Special Session Title: Media Authenticity in the Age of Artificial Intelligence
Organisers: Deepayan Bhowmik, Newcastle University, United Kingdom
Frederik Temmermans, Vrije Universiteit Brussel / imec, Belgium
Description:
Recent advances in artificial intelligence, especially deep learning, for media manipulation enables users to produce near-realistic media content that is almost indistinguishable from authentic content to the human eye. These developments open a multitude of opportunities, from creative content production, the art industry, and digital restoration to image and video coding.

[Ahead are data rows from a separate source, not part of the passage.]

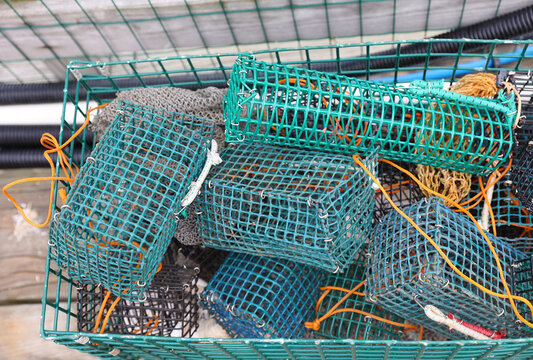 old crab traps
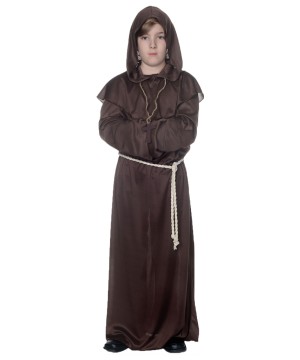 Brown Monk Kids Robe Costume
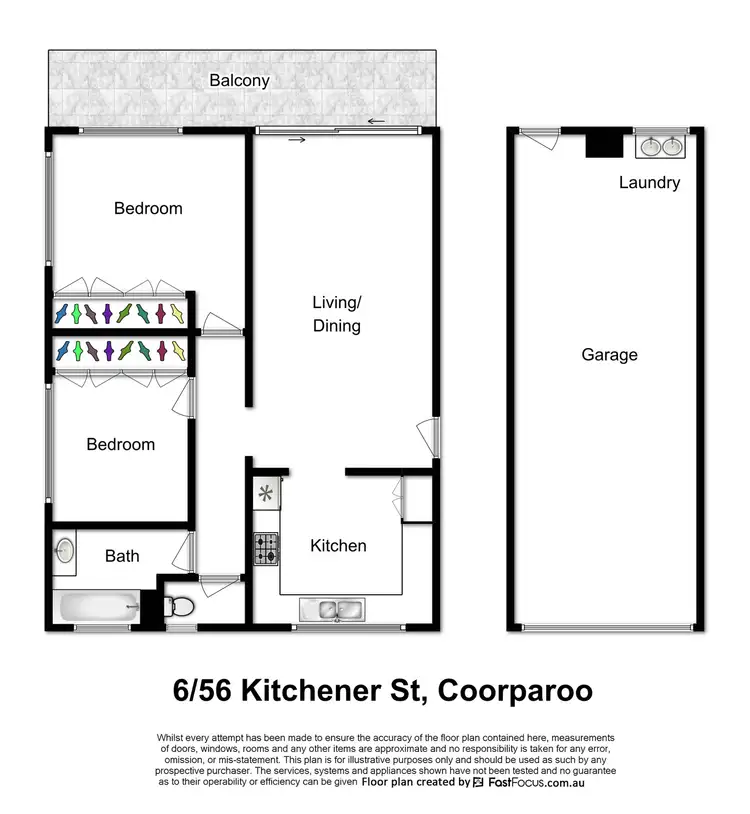 Floorplan of Homely apartment listing, 6/56 Kitchener Street, Coorparoo QLD 4151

However, they also lead to the risk of the spread of manipulated media such as deepfakes which often lead to copyright infringements, social unrest, the spread of rumours for political gain or encouraging hate crimes. While the term Fake Media is often associated with the latter, we consider it in the context of media modification covering both good and bad usage scenarios.

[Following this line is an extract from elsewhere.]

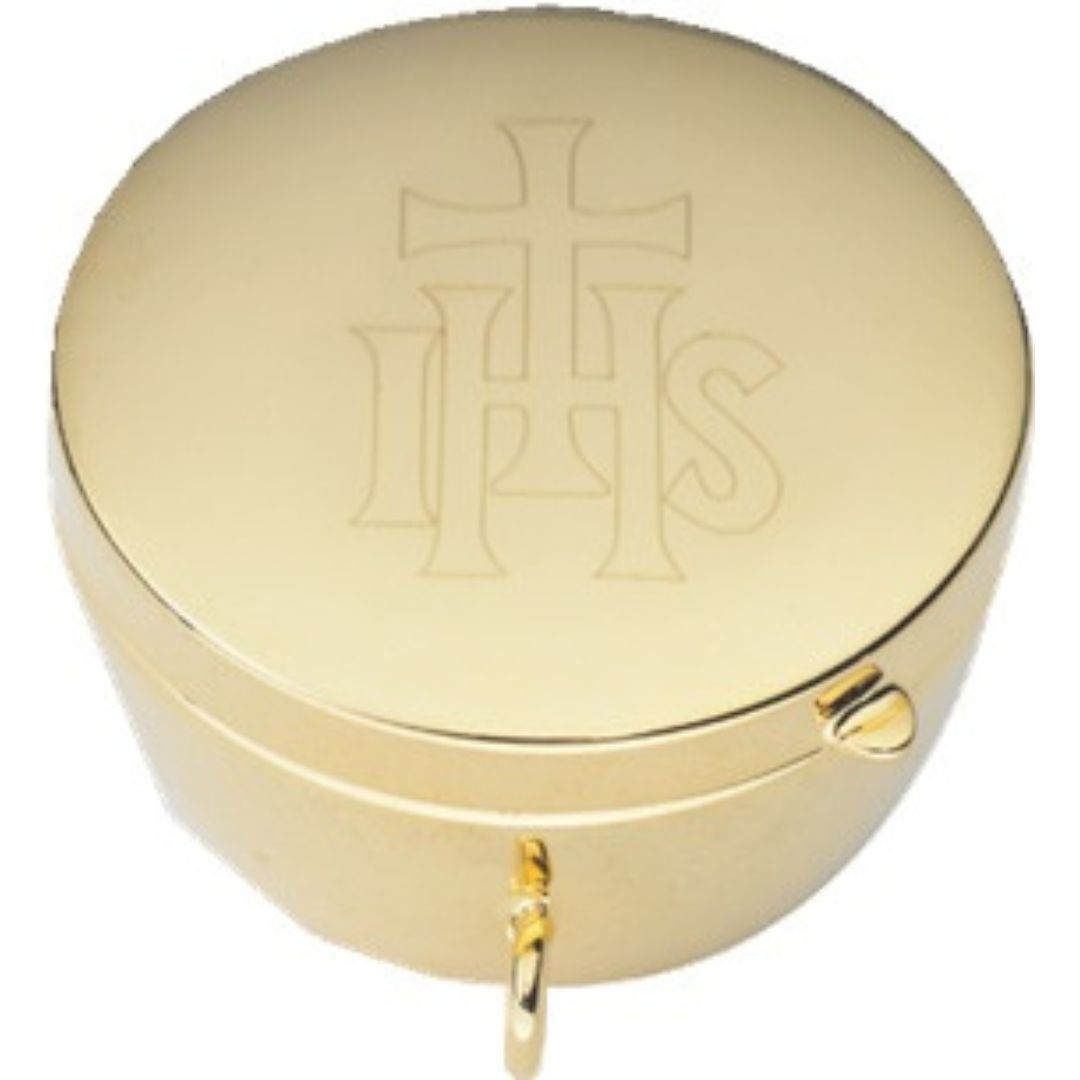 Pyx Gold Plate IHS design 16 Host 2-1/8 x 1-5/8" 2230GX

This special session aims to solicit papers addressing the current advances in the fake media/media authentication domain. This includes, but not limited to, the use of machine learning / artificial intelligence in
● creative content production
● media restoration
● media privacy and security
● media manipulation (including deepfake) detection
● media integrity, authenticity and provenance
● initiatives to standardisation
Biography of Organisers:
Deepayan Bhowmik (deepayan.bhowmik@newcastle.ac.uk) is a Senior Lecturer (Associate Professor) in the School of Computing at Newcastle University, United Kingdom. His research expertise includes fundamental image/signal processing, embedded imaging on heterogeneous hardware and related applications, e.g., media security, multimodal remote sensing for environmental monitoring etc. Dr Bhowmik received his PhD in Electronic and Electrical Engineering (image processing major), from the University of Sheffield, UK in 2011. Previously he worked at the University of Sheffield and Heriot-Watt University, Edinburgh, UK as a research associate, and Sheffield Hallam University and University of Stirling, UK as a lecturer in computing. He received a prestigious Dorothy Hodgkin postgraduate award and multiple research grants from various UK research councils, EU, and industry.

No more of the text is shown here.